Further findings indicate women are more likely to find men more desirable when partnered and overall women seem to demonstrate mate choice copying more than men. 

Tamara says this is most likely because females have been conditioned to care a lot about what other people think, especially when it comes to dating.

"From a female point of view, if that person has dated another person that they see as having been valuable to have dated, it automatically means that person is accepted by someone, is seen as verified, and then is therefore also seen as valuable," Tamara says.


"I think as females we’re much more vulnerable to those social validation-type strategies... We tend to care potentially more about some of those social influences, particularly with regards to dating, whereas men seem to be less emotionally affected by that."

Additional mate choice copying studies reveal that both males and females are influenced by the attractiveness of someone’s partner, meaning that people become more desirable to the opposite sex when they have an attractive partner. 

So could mate choice copying potentially be what’s going on with Davidson? Tamara says it’s actually quite possible and likens it back again to celebrity endorsements.

"If women who are highly attractive and very successful have dated him, then I can see that he would automatically be considered more valuable than had that not happened.

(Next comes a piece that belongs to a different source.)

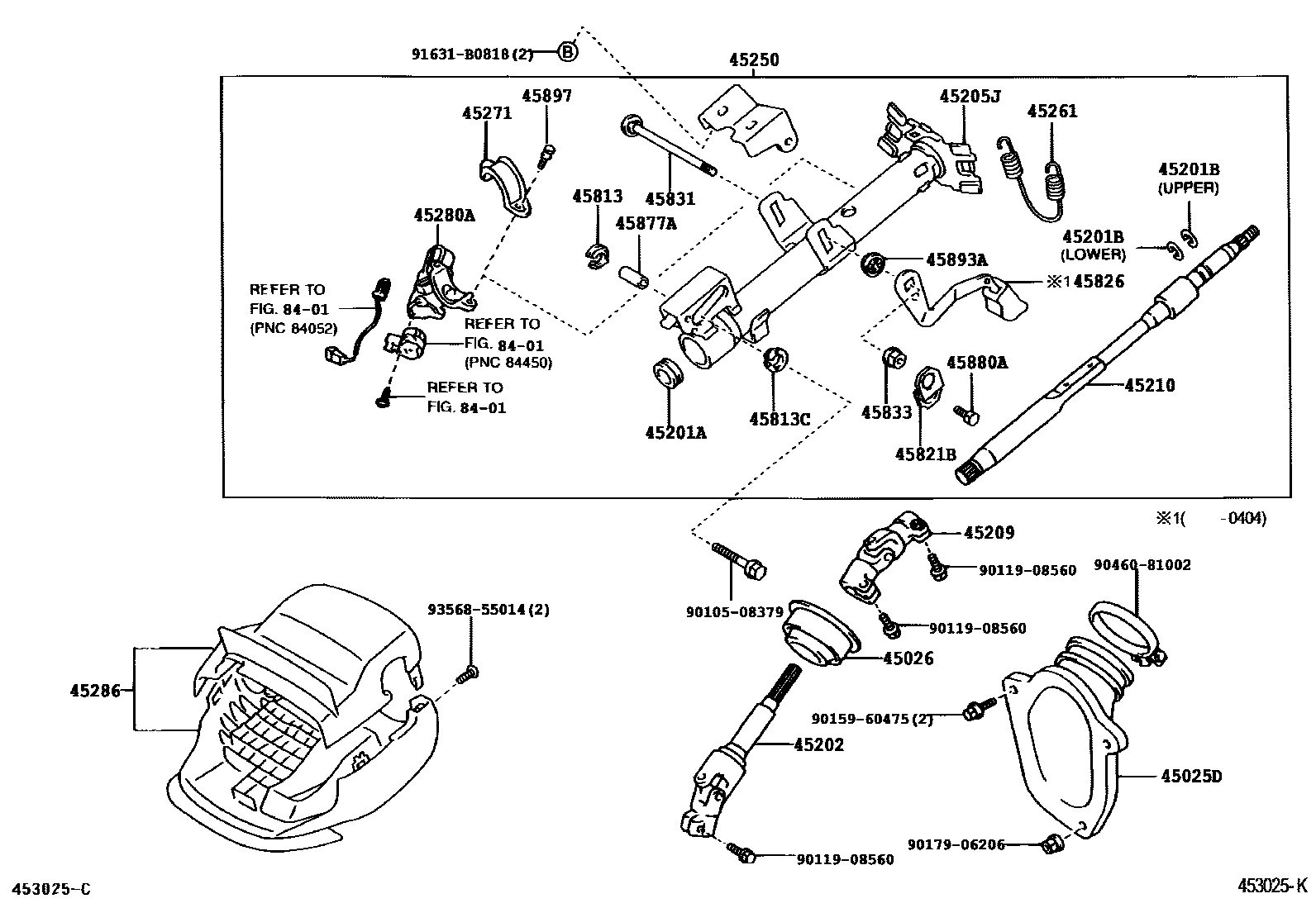 Toyota CAMRY Steering Column & Shaft EPC diagram — 453025K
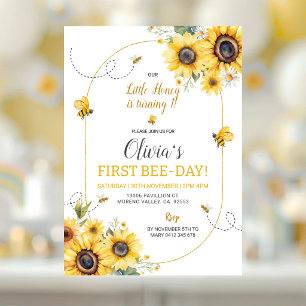 Sunflower Bee Girl Birthday Invitation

I definitely think that's valid. When you see someone whom you see as high profile or important endorsing or wearing something, it automatically increases the value of that product," she says.

It’s good to be Pete right now.

So mate choice copying might go some way to explaining the spike in Davidson’s stocks right now, which may even, if it hasn’t already, become a self-perpetuating cycle, as Tamara explains further:

"I would definitely suggest that it would make it far more likely for him to be able to keep that cycle going. I would say that if they [other women] are aware that he's dated people who are highly attractive that have potentially endorsed him if you like and verified his value, that future partners would see him as automatically dateable as a result. I would also assume that it would potentially increase his own self-confidence and outward confidence to other people, and that for women can be a highly attractive quality."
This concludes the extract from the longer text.